Out of alignment when closed would mean a gasket was not seated good. That would create a leak, I would think. If they realign, check it. Tape a 1/2 dozen pieces of sheet paper sticking out where the seal should contact the trailer when closed. (the tape is just to hold in place while closing) Close the slide and then remove the papers. If the seal is against the paper, you will feel the slight drag when pulling out.

John


----------



## Nathan (Jan 2, 2007)

I have a gutter over my slide to deflect the water. Is your's working?


----------



## AttilaTheHun (Jun 25, 2007)

Nathan said:


> I have a gutter over my slide to deflect the water. Is your's working?

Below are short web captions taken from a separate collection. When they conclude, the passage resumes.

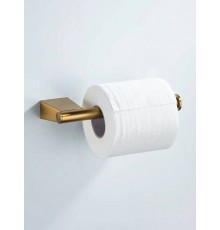 Держатель для туалетной бумаги Shevanik SG5715G, золотой сатин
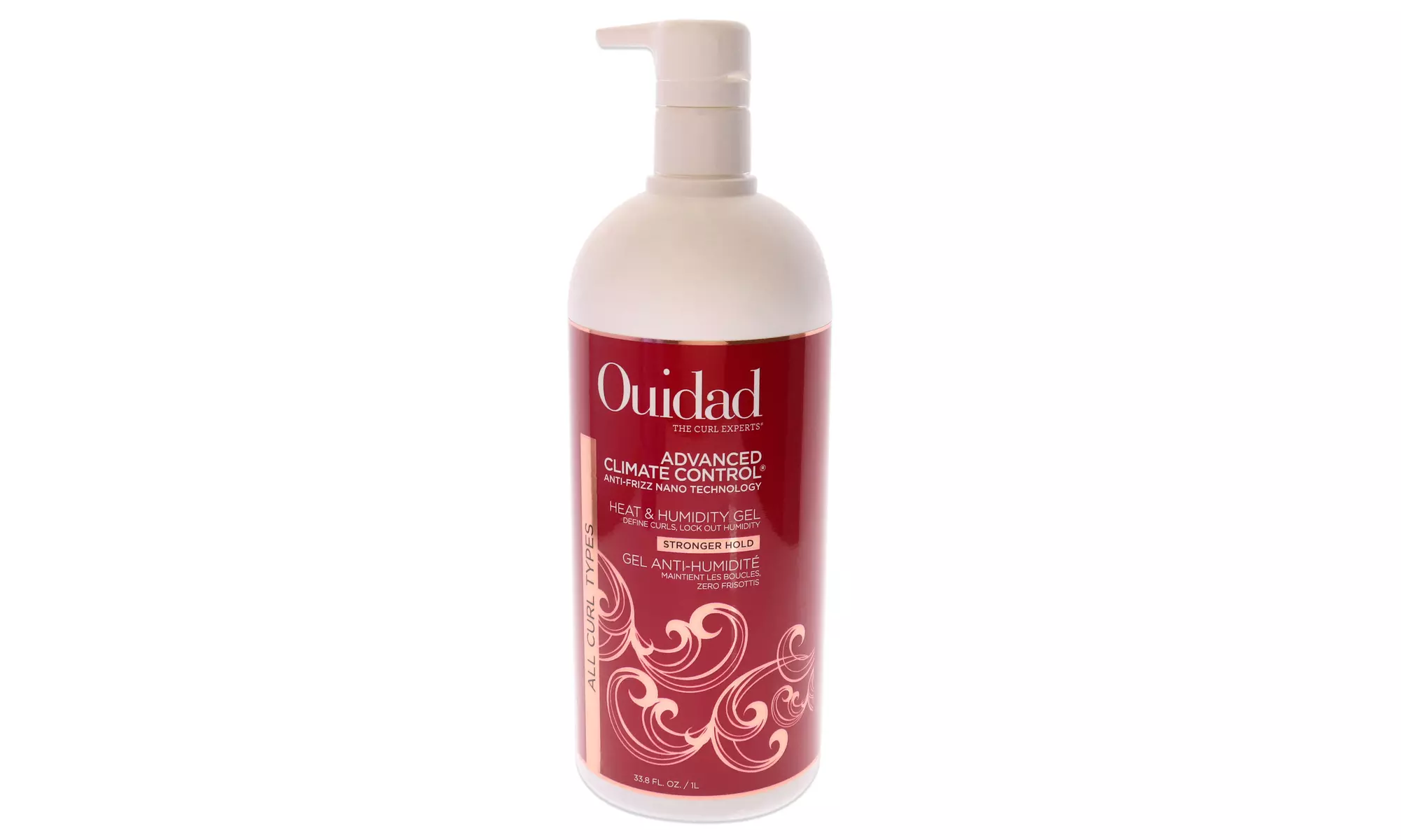 Ouidad Advanced Climate Control Heat and Humidity Gel - Strong Hold 33.8 oz Gel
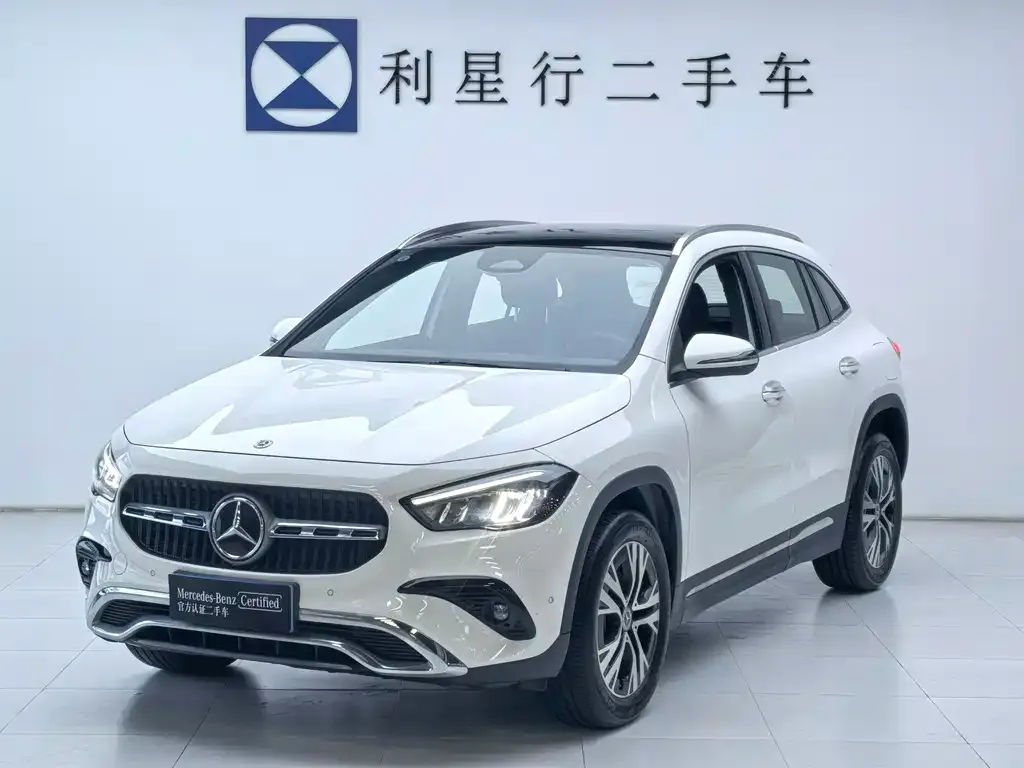 Mercedes-Benz GLA — фото 1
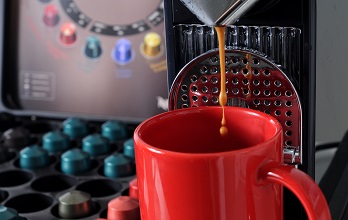 máquina de café Nespresso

Yes, I do have a gutter over mine as well. I have noticed that it is still dry after 2 days of rain sinced I lifted the tongue jack so that the front of the camper is at least 3 inches higher than the back. I will also try the idea of putting in different sheets of paper while closing the slide and seeing how snug they are. Never would have thought of that.  Thanks for all the tips everyone.


----------



## mountainlady56 (Feb 13, 2006)

AttilaTheHun said:


> I took it to the dealer and they hooked up a pressure machine through the top of the camper above the roof vent and sprayed soapy water around the whole camper and noticed it was leaking on the back side of the slide. Their solution to the fix was that the slide was out of alighnment and replaced the rubber seal on the one side.


Just a word of advice here.......when they mention their fancy "pressurized leak check", tell them to get their butts in the unit and have someone spray a hard stream of water on the unit. They did the so-called "check" on my former 06 27RSDS "the leak machine" TWICE and still couldn't find the leaks. I had my child turn on the water hose and spray it on the roof, and I found the leaks, MYSELF!! So much for "technology". BTW, this so-called machine required a TWO WEEK WAITING PERIOD before they could get it in their shop!!








Darlene


----------